In the early 1990s, he gained worldwide fame for declaring “the end of history” after the fall of the Soviet Union and the end of the Cold War. Liberal democracy had triumphed, he said.

However, in his new book, Liberalism and Its Discontents, he detects new threats to the classical liberal model that he defends. On the one hand, misguided neoliberalism – which demonized the state – put an end to solidarity, generating unsustainable inequality. On the other, runaway identity currents – be it the conspiratorial nationalist right or a left that is too focused on minorities – have created new societal ruptures.

The 69-year-old Chicago-born political scientist received EL PAÍS at the Rafael del Pino Foundation in Madrid.

Question. When we talk about liberalism, we associate it with the center-right, although if we think back to the French Revolution, it was more associated with the left.

Answer. I have a very broad definition of liberalism… in Europe, you’re right, it’s associated with the center-right. In the United States, it’s associated with the left. I say that liberalism is a doctrine that protects individual rights and limits the power of the state. And it can be either left or right in economic terms. But what’s important is the rule of law as a foundation for a society.

Q. How did liberalism lead to the neoliberalism that you criticize?

A. I think that there was excess state regulation and state interference in economies that had developed by the 1970s. And so, you had politicians like Ronald Reagan and Margaret Thatcher that tried to roll back some of that regulation. They were supported in this by very prominent economists, like Milton Friedman. The problem was that [they] went too far and attempted to undermine all forms of state activity, even necessary ones, for example, of regulating the financial system. And as a result, we ended up with a globalization that increased inequality and led to substantial instability in the global financial system. And this, of course, provoked a populist backlash that you see both on the left and the right, which partially explains why we are where we are today.

Q. Sometimes you hear justifications for economic inequality. To what extent is inequality justified?

A. I think that there always has to be some balance between the need for economic growth and the need for a society that protects people from at least the worst aspects of a market economy.

Q. But right now inequality is starting to be problematic.

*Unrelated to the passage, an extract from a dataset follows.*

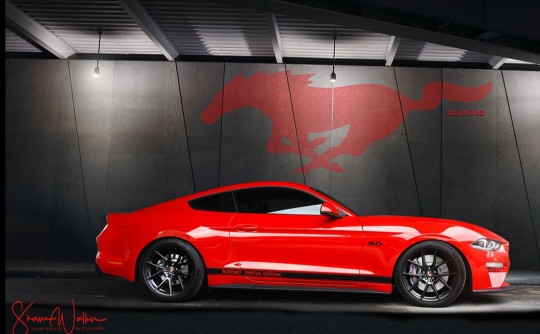 2018 Ford MUSTANG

A. Well, I don’t think that you can generalize. In Latin America, you have a continent that has experienced a great degree of inequality. A lot of the populist politics that you see in places like Argentina or Venezuela are the result of this kind of inequality, which leads to both very bad economic outcomes, but also very bad politics, because we have this polarization between a populist left and ultra-conservative right. In other parts of the world, it’s not [the case]. In Germany, the Netherlands, Scandinavia, you’ve had social democratic parties in power for a long time. [They’ve] done a lot of redistribution – you don’t get this kind of polarized politics and you have an alteration between the center-left and center-right, which I think is much healthier.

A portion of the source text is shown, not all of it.